Investigating Pre-Filtering for Re-Ranking with LLMs
Introduction
The paper "Re-Ranking Step by Step: Investigating Pre-Filtering for Re-Ranking with LLMs" explores enhancing information retrieval (IR) systems by incorporating a novel pre-filtering step before employing LLMs for passage re-ranking. The authors, Baharan Nouriinanloo and Maxime Lamothe, explore the potential for smaller, open-source LLMs to perform competitively with larger, proprietary models such as GPT-4 by filtering out irrelevant passages before the re-ranking process.
Methodology
Pre-Filtering Approach
The core concept introduced is a pre-filtering step that leverages LLMs to assign relevance scores to passages retrieved by an initial retrieval stage, typically constructed with methods like BM25. This pre-filtering step is designed to discard irrelevant passages based on a threshold relevance score, thereby reducing the noise and the number of passages passed to the re-ranking stage.
The authors employ Mixtral-8x7B-Instruct, a smaller open-source LLM, for both the pre-filtering and re-ranking processes. The pre-filtering uses a prompting strategy that incorporates Chain-of-Thought (CoT) and Plan-and-Solve (PS) reasoning methods to ensure a thorough understanding of queries and passages before generating relevance scores.
Prompt Design and Threshold Setting
The designed prompt instructs the LLM first to comprehend the query and passages and then to assign a relevance score within the range of 0 to 1. The threshold for relevance is determined using a small, human-generated subset of expert relevance scores (qrels) from the datasets. The threshold is set to maximize the F1 score, balancing precision and recall to ensure optimal filtering performance.
Experimental Evaluation
Datasets
The methodology was tested on two critical benchmark datasets in IR research: TREC-DL (2019, 2020) and BEIR, focusing on four specific tasks within BEIR: Covid, Touche, Signal, and News. These datasets represent a diverse range of queries and text types, making them suitable for testing the robustness of the proposed methodology.
Metrics and Baselines
Performance was evaluated using the NDCG@10 metric, which is standard for these datasets. The results were compared against both supervised and unsupervised state-of-the-art re-ranking methods, including approaches like monoBERT, monoT5, RankT5, and RankGPT. Additionally, the paper compares the pre-filtering method with and without the pre-filtering step to highlight the improvement achieved.
Results
The pre-filtering approach demonstrates a notable improvement in re-ranking performance across various datasets, particularly excelling in two BEIR tasks: Touche and Signal. The optimal thresholds identified (0.3 for BEIR tasks and 0.6/0.7 for TREC tasks) indicate a consistent methodology for enhancing smaller LLMs' performance to levels competitive with much larger, resource-intensive models.

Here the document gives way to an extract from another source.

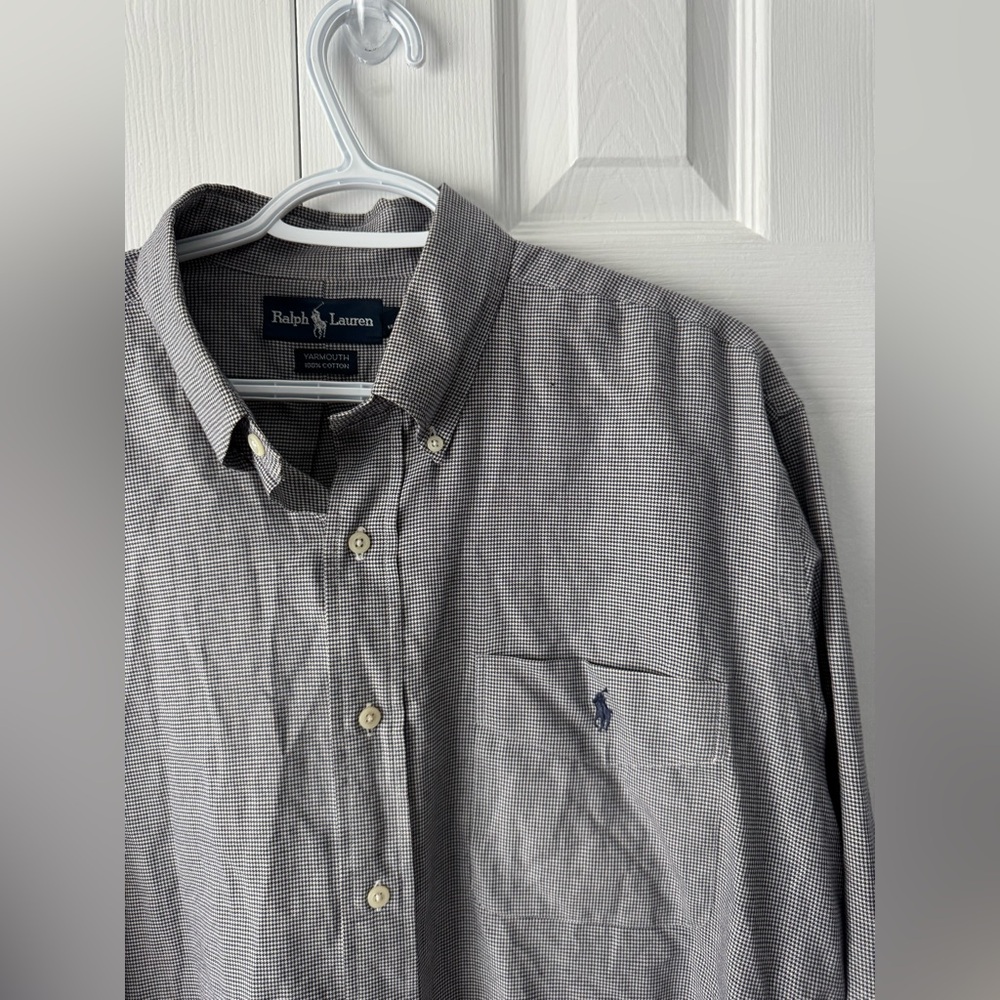 Vintage Ralph Lauren Yarmouth Micro Houndstooth Dress Shirt 17 34/35 Pocket Polo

For instance, the method improved Mixtral-8x7B-Instruct’s nDCG@10 scores from 60.88 to 69.39 on TREC-DL2019 and from 55.85 to 64.42 on TREC-DL2020. Such results underscore the method's efficacy and the broader implication that well-tuned, smaller LLMs can achieve high performance in resource-constrained environments.
Implications and Future Work
This research contributes significantly to the field of IR by showing that pre-filtering can enable smaller LLMs to be competitive with larger, proprietary models, thus democratizing the application of AI in IR tasks. In practical terms, this could mean that more organizations and researchers could afford to use state-of-the-art re-ranking methods without being tied to expensive and resource-heavy LLMs.
Furthermore, the threshold-setting methodology, which relies on expert-generated qrels, presents a scalable approach that may reduce the burden of extensive labeling in future research.
For future work, expanding the testing to a broader range of datasets and models could provide further insights and refinements. Also, exploring adaptive thresholds that dynamically adjust based on query characteristics might offer an additional performance boost.
Conclusion
The paper presents an innovative, effective strategy for enhancing passage re-ranking in IR systems using LLMs. By introducing a pre-filtering step, the method significantly reduces irrelevant passage noise, thereby enhancing the overall effectiveness of the re-ranking process. This approach not only highlights possibilities for resource-efficient application of advanced LLM technologies but also opens avenues for further research into optimizing IR pipelines.